When you say 1 Gig per minute, you're meaning 16.6MB/s? (or 17 I guess
if your GB is 1024MB). Thats not really fast enough for what I want
you're using these in a server sort of environment?

Video is really a world unto itself. I'd want to do 2 streams of
uncompressed SD at least, 3 would be better so I'll need 50-75MB/s
sustained throughput, 4 SATA drives should be able to handle that pretty
easily. My 4 SCSI drives will do 6.

I don't need huge storage at home 2TB would be plenty. If I get a really
big project I could use a system at work. The big system in my classroom
is 32TB and capable of 400MB/s. It scales all the way up to 384TB which
would be 4800MB/s total bandwidth. With a 10Gb connection we've clocked
clients at 500MB/s... Its pretty amazing.

You're right about USB 2, it sucks for data transfer, firewire 400 is
faster. USB 2 is bus adjudicated too so if you've got a USB 2 printer
it'll suck up half the bandwidth, got a USB 2 scanner? Then each device
gets 1/3 the bandwidth if its doing something or not... Cruel joke that
USB 2.

-Curt

Date: Wed, 22 Apr 2009 17:06:25 -0400
From: dave walton <walton.d...@gmail.com>
Subject: Re: [MBZ] SATA controller?
To: Mercedes Discussion List <mercedes@okiebenz.com>
Message-ID:
    <1ec5633a0904221406r68d97fb9mc73216e88b569...@mail.gmail.com>
Content-Type: text/plain; charset=ISO-8859-1

I've been using 3Ware. It works okay. Use the 9500S for PCI-X and the
9650SE for PCI-E. The main drawback to 3Ware is that they don't
support VMWare ESX. They have a driver, but it sucks. If you want to
run that you need to use Adaptec-SAS or Areca. But then you run into
problems with the 2Tb limit of VMWare.  I tried the Adaptec 3805.
Works okay but does not have a 2Tb carving function so you have to run
multiple small arrays under ESX. I've not tried Areca but have heard
good things about them.

I've had nothing but problems with Promise and Highpoint controllers,
but that was a few years ago by now. Maybe they improved. I suspect
not.

For partitions > 2Tb you need to use Guid not MBR volumes. That means
you can't boot off the large partition unless you are running an Intel
Itanium based system with it's special version of Windows. 3Ware 9650
has a feature to create a smaller boot partition from a large array
that looks like it's own drive to Windows. That saves you from
dedicating drives just to boot from.
Also - beware of running very large Dynamic volumes under Vista. It
does not like them. You need to use Windows 2003 or 2008 for that. I
was trying to configure a 10Tb volume and it became corrupted when
rebooting under Vista. I switched to Server 2008 and the problems went
away. My largest array is 16 - 1.5Tb SATA drives that gives just under
19TB usable using Raid-6. I use that for organizing backups before I
archive them. I get 3-5 Gig per minute throughput if I turn on write
caching. I'm lucky to get 1Gpm with caching off.

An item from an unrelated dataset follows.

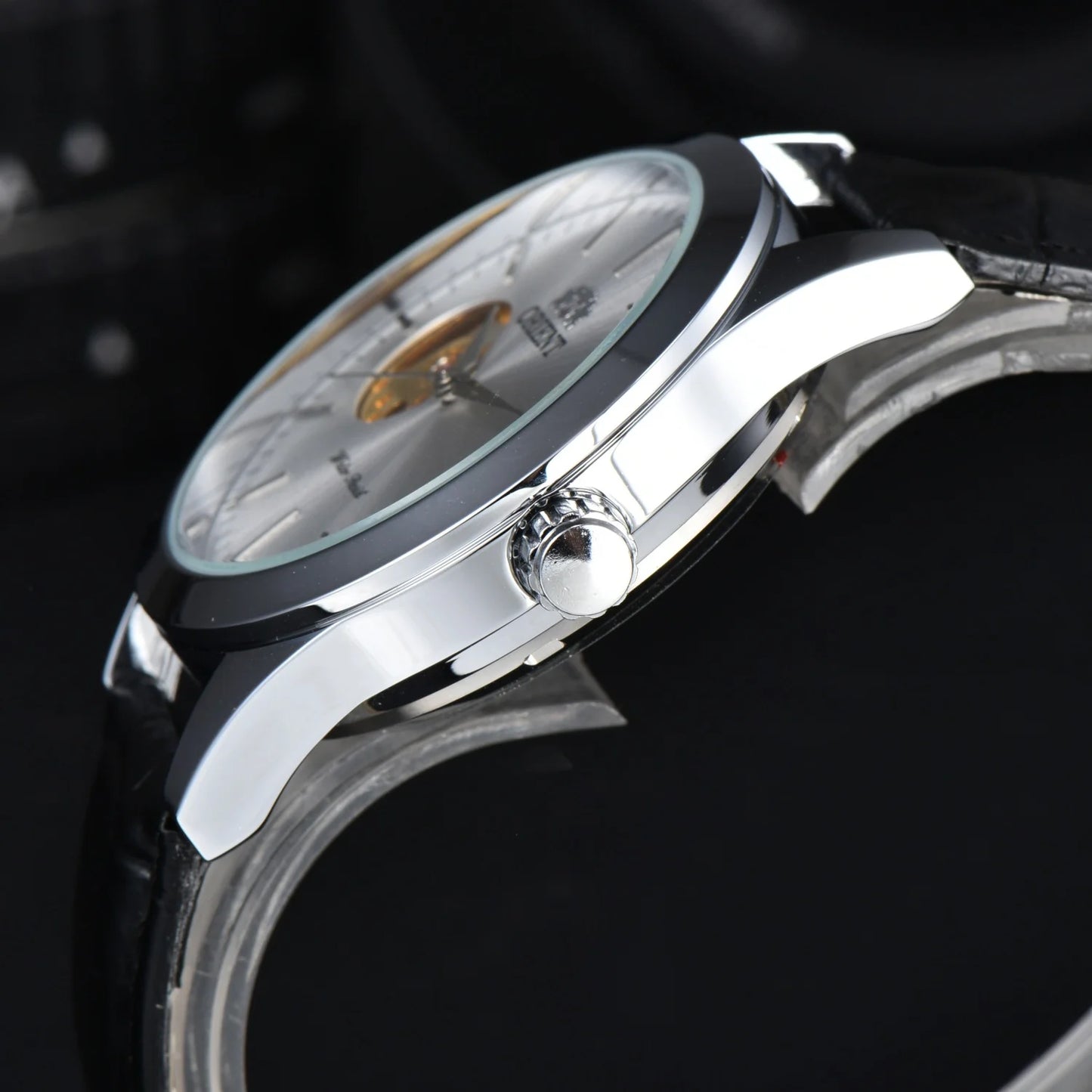 Orient Watch Refurbished Japanese Fully Automatic Mechanical Watch Hollowed Out Business Men's Watch Stainless Steel Strip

I got the Adaptec 3805 (8-port) for  $300 on eBay with the battery
backup module. I've seen the 3Ware 9650SE 16 port go for < $500.

You definitely need the BBU. I've already lost one array when a
machine blue-screened under heavy IO and did not have one installed.

All the controllers support adding additional drives and migrating the
array to include them so you can increase capacity. 3Ware also
supports incrementally swapping drives out for larger capacity ones,
but you need a custom script from Support to expand the array to
include the extra space. I've not tried that yet. Keep in mind that
the cluster size you start with has to accommodate the largest
partition size you will use. That is to say that you can't format with
a 512 byte cluster and later expand to a partition > 2Tb. So I started
out my 19Tb partition with an 8192 byte cluster even though I did not
have all 16 drives in the initial configuration.

On a final note, getting data in and out of a large array can take a
while. I started using USB 2.0 external SATA Docking stations, but
they maxed out at ~ 20 Mb/sec. I switched to ESATA and that number
rose to 50 - 80 Mb/sec depending on the drive.